3. We understand how oppression works so that we don’t keep buying into it and allow it to do a number on us, as well as being able to stand up for our sisters who are also being oppressed.

As for the last point: one of the things that I realized that has affected me more than I ever acknowledged, is anti-fat bias. Since I gained weight I started becoming more aware of what it means to not be what’s considered straight-sized and I started becoming more interested in how people who are even fatter than I feel. The more I read the more I’m pissed off and the more I feel like I want to do something about it.

Did you know that “as of 2020, in forty-eight states, it is perfectly legal to fire someone, refuse to hire them, deny them housing, or turn them down for a table at a restaurant or a room in a hotel simply because they’re fat.”?

For a deeper dive into how cruel anti-fat bias is I invite you to read the book What We Don’t Talk About When We Talk About Fat by Aubry Gordon.

The author is a fat activist that talks about her experience as a super fat person. She and other fat activists started reclaiming the word fat as a neutral descriptive word devoid of any moral value, like being browned-hair or tall, and have been rejecting other morally loaded descriptors for fat people.

“The term “overweight” implies that there is an objectively correct weight for every body. A growing number of fat activists consider obese to be a slur. Both terms are derived from a medical model that considers fat bodies as deviations that must be corrected,”
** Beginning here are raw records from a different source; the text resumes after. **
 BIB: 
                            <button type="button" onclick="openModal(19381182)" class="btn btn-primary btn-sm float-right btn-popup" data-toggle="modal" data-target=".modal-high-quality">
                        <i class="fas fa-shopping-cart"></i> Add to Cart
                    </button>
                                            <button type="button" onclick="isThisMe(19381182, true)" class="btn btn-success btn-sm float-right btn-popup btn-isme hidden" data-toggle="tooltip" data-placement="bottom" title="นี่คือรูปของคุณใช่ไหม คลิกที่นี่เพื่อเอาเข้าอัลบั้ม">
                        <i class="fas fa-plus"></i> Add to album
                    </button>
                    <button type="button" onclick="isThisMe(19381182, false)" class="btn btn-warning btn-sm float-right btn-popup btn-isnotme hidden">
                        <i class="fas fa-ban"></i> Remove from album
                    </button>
In addition to anti-fat bias being so painful for fat people, I’m gaining a deeper understanding of how it has affected me and how it practically affects everyone in our society because when you’re really being honest with yourself, don’t you think that being fat is the worst thing that you can be? If you do, don’t worry, it’s not your fault, you have been taught that but it might be a good idea to start questioning this assumption and wondering where it came from.

Did you know that recent studies show that all forms of explicit biases are pretty much falling except for fat bias? That means that people are allowing themselves to say things to fat people that they don’t allow themselves to say to anybody else, thinking that they are morally justified to do so.

In The Obesity Myth, Paul Campos argues that "as overt racism, sexism, and classism fell out of favor among white and wealthy Americans, anti-fat bias offered a stand-in: a dog whistle that allowed disdain and bigotry aimed at poor people and people of color to persist, uninterrupted and simply renamed.”

No wonder that pretty much all of us are obsessed with how to not become fat.

I know some of the things I presented might be hard to swallow so as always, I’m inviting you into a conversation about all of this.